De vruchten van opsporingshandelingen die uit de verklaringen van [betrokkene] zijn voortgevloeid
De verdediging stelt -samengevat- dat alle vruchten van opsporingshandelingen die uit de verklaringen van [betrokkene] zijn voortgevloeid moeten worden uitgesloten van het bewijs, waaronder de vruchten die zijn verkregen uit de observaties van verdachte en de tapgesprekken. De verdediging voert daartoe aan dat de inzet van deze middelen vrijwel uitsluitend is gebaseerd op de door [betrokkene] afgelegde verklaringen.
De rechtbank verwerpt dit verweer. De reden dat de rechtbank de verklaringen van [betrokkene] niet gebruikt voor het bewijs, is gelegen in het feit dat achteraf de betrouwbaarheid van deze verklaringen niet meer kan worden vastgesteld. Dit neemt niet weg dat deze verklaringen wel aanleiding konden zijn voor nader onderzoek. Dit zou mogelijk anders zijn indien de verklaringen van [betrokkene] willens en wetens zouden zijn geconstrueerd om daarmee een redelijk vermoeden van schuld te creëren. Van een dergelijke situatie is echter niet gebleken.

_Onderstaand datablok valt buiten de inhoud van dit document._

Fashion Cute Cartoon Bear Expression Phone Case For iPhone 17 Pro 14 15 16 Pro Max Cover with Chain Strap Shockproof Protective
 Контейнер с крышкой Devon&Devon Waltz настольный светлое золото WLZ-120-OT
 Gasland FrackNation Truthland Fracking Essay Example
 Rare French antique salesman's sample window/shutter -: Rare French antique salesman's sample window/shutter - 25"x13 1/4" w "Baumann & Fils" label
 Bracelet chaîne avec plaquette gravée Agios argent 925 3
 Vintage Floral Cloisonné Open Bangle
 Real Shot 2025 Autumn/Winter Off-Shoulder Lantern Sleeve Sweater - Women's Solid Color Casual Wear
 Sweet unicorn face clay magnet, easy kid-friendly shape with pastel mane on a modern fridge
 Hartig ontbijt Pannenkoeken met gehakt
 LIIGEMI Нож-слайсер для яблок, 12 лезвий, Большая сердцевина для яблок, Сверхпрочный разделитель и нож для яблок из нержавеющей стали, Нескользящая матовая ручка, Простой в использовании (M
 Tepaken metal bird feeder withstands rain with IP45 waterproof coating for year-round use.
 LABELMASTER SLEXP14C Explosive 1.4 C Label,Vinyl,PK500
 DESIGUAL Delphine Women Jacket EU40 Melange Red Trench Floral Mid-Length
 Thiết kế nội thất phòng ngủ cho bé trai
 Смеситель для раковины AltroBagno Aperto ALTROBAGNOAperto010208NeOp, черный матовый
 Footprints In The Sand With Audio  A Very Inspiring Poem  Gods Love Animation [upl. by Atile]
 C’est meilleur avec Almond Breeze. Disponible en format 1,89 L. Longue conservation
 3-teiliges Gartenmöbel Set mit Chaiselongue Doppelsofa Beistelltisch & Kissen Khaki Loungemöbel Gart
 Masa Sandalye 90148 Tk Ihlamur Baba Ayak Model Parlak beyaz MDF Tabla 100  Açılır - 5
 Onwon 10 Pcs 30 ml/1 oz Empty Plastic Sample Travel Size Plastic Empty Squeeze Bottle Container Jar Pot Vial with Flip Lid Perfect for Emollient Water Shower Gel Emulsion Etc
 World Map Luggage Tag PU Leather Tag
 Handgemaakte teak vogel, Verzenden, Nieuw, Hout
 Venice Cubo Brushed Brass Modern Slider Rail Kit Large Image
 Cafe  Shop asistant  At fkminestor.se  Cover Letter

Ten aanzien van de verleende tapmachtiging overweegt de rechtbank dat de rechter-commissaris in de gegeven omstandigheden in redelijkheid tot zijn oordeel omtrent die machtiging heeft kunnen komen. Ook is het gebruik dat de officier van justitie vervolgens heeft gemaakt van zijn bevoegdheid tot het bevelen van het opnemen van telecommunicatie met een technisch hulpmiddel in overeenstemming met die machtiging en ook overigens rechtmatig.
Bewijsmiddelen en nadere bewijsoverwegingen [1]
De bewezenverklaring steunt op de inhoud van de volgende bewijsmiddelen, opleverende evenzoveel tot die beslissing redengevende feiten en omstandigheden, waarbij ieder bewijsmiddel, ook in zijn onderdelen, slechts is gebruikt met betrekking tot het feit of de feiten waarop het blijkens zijn inhoud betrekking heeft.
Ten aanzien van feit 2.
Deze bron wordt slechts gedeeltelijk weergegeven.